Write out each record below exactly as it appears, with no pictures.

╭──

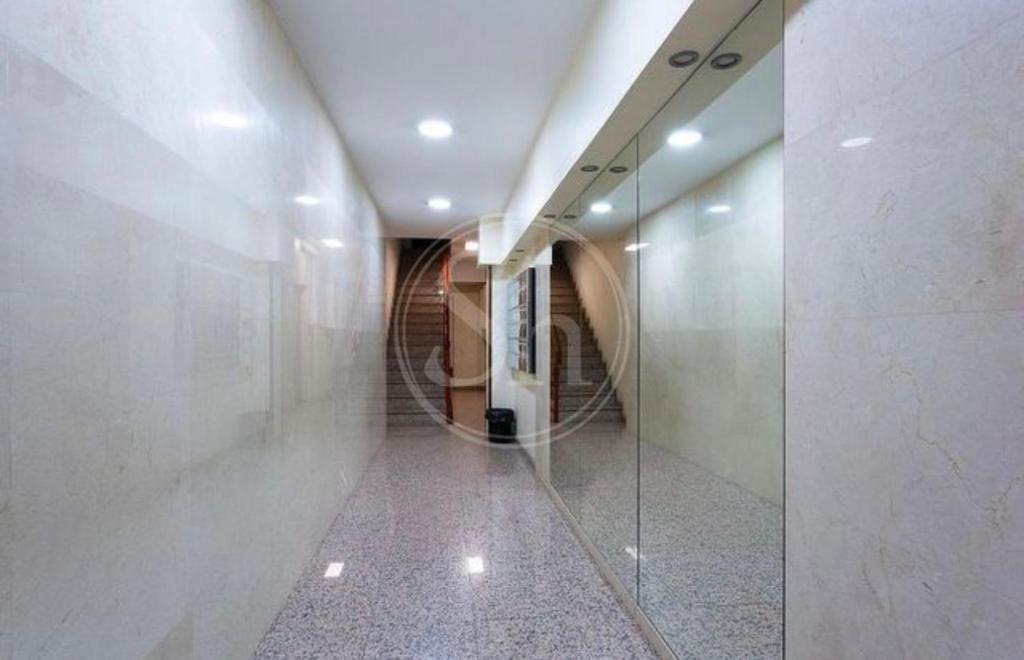 Dar dayafa, Esplugues de Llobregat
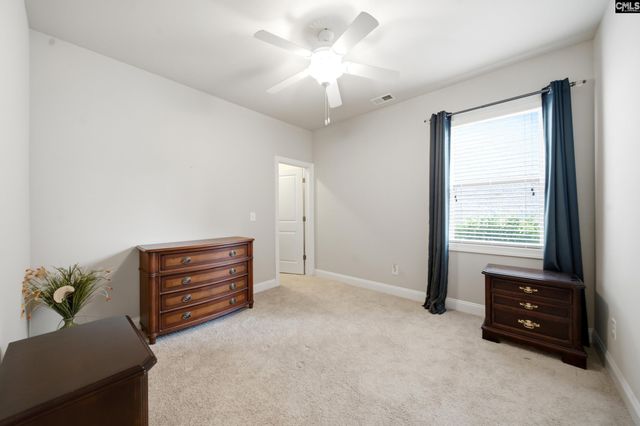 309 Honey Tree Drive, Lexington, SC 29073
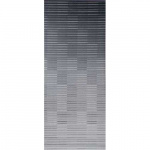 Dometic PR 2500 Anodiseret Box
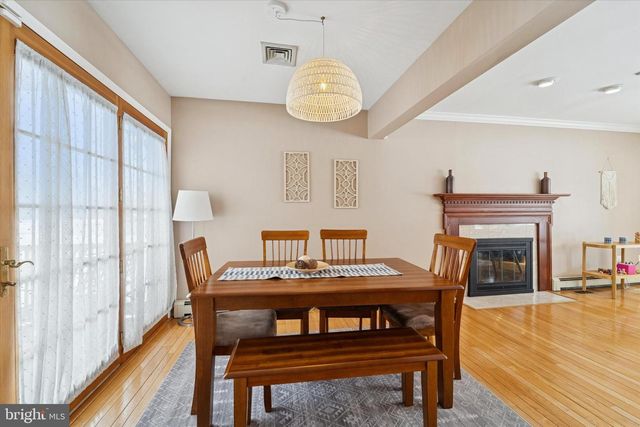 527 E RAVINE ST, Langhorne, PA 19047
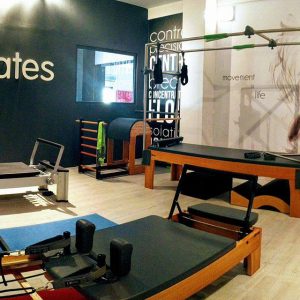 pilates-mixanimata-the-venue-training-center-1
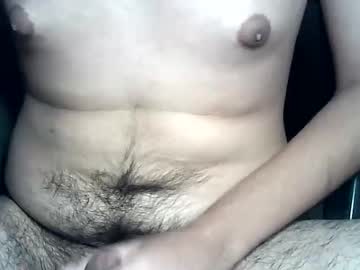 daddiesboy0811
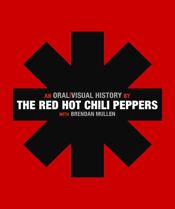 The Red Hot Chili Peppers - 19 Oct 2010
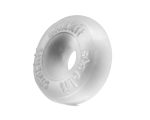 Stackit - Clear - Image 4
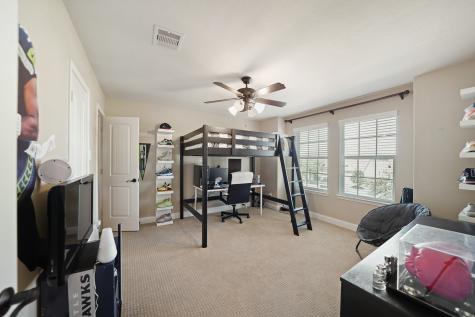 4303 Evergreen Drive Friendswood TX 77546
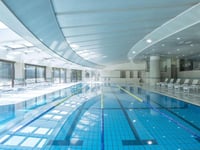 Hotell-miniatyrbilde 16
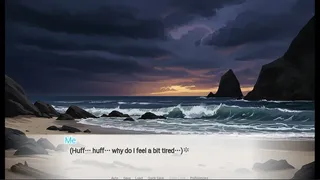 Скриншот 4 к игре 缸中的普罗米修斯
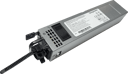 Mikrotik G13940350WNA Hot Swap 12V PSU For CRS804 DDQ 350W
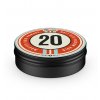 haarpomade 20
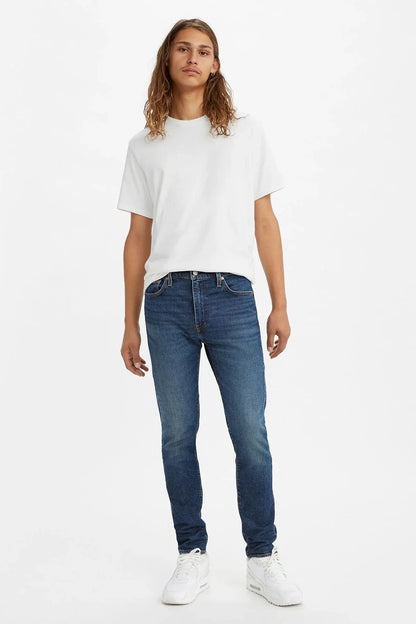 Levi's - AK Galleria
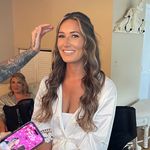 ryleigh johnson - @ryleighjohnson_ - Instagram
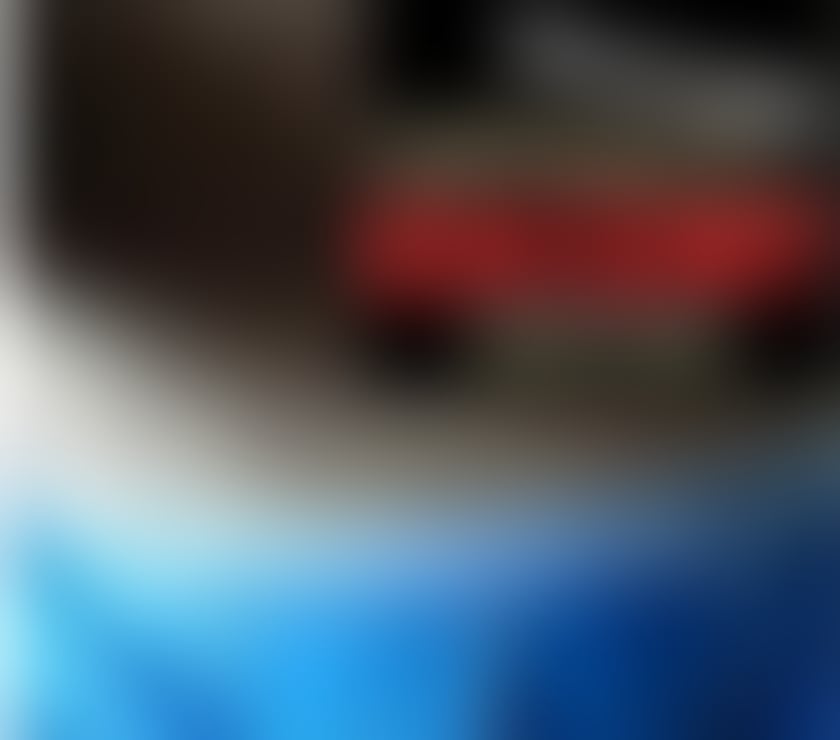 Gay escorts Newcastle Upon Tyne Gateshead - Photos for Mature for gay bi curious guys NEW🔥💦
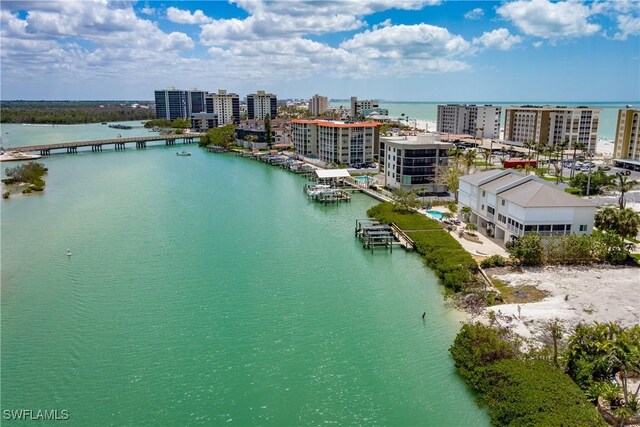 25835 Hickory Blvd, Bonita Springs, FL 34134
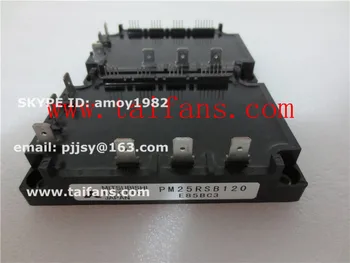 

Original brand PM25RSB120 IGBT IPM module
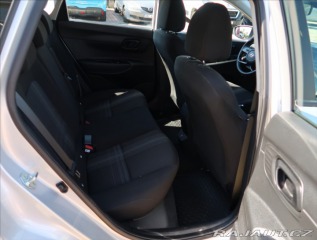 Hyundai Bayon 1,2 i ČR KLIMA 29905KM 2021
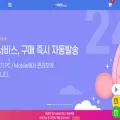 zeropin.co.kr zeropin.co.kr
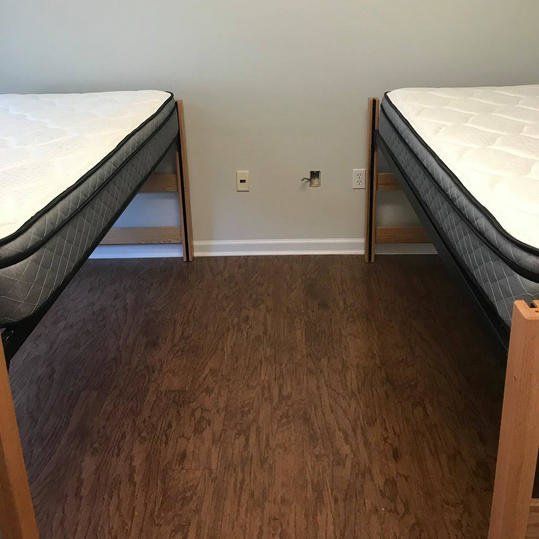 Cute Dorm Room Decor Ideas — Best Dorm Room Decor Essentials custom essay dorm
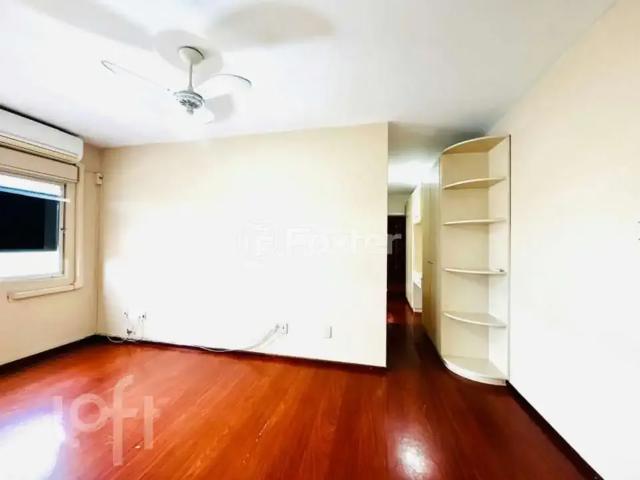 Apartamento venda em Região Geográfica Imediata de Porto Alegre, Região Metropolitana de Porto Alegre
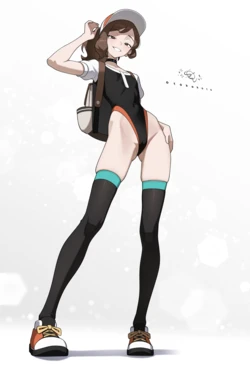 [Pixiv]otokakoto(106657780)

╰──

§ **Output for this task**
 Dar dayafa, Esplugues de Llobregat
 309 Honey Tree Drive, Lexington, SC 29073
 Dometic PR 2500 Anodiseret Box
 527 E RAVINE ST, Langhorne, PA 19047
 pilates-mixanimata-the-venue-training-center-1
 daddiesboy0811
 The Red Hot Chili Peppers - 19 Oct 2010
 Stackit - Clear - Image 4
 4303 Evergreen Drive Friendswood TX 77546
 Hotell-miniatyrbilde 16
 Скриншот 4 к игре 缸中的普罗米修斯
 Mikrotik G13940350WNA Hot Swap 12V PSU For CRS804 DDQ 350W
 haarpomade 20
 Levi's - AK Galleria
 ryleigh johnson - @ryleighjohnson_ - Instagram
 Gay escorts Newcastle Upon Tyne Gateshead - Photos for Mature for gay bi curious guys NEW🔥💦
 25835 Hickory Blvd, Bonita Springs, FL 34134

Original brand PM25RSB120 IGBT IPM module
 Hyundai Bayon 1,2 i ČR KLIMA 29905KM 2021
 zeropin.co.kr zeropin.co.kr
 Cute Dorm Room Decor Ideas — Best Dorm Room Decor Essentials custom essay dorm
 Apartamento venda em Região Geográfica Imediata de Porto Alegre, Região Metropolitana de Porto Alegre
 [Pixiv]otokakoto(106657780)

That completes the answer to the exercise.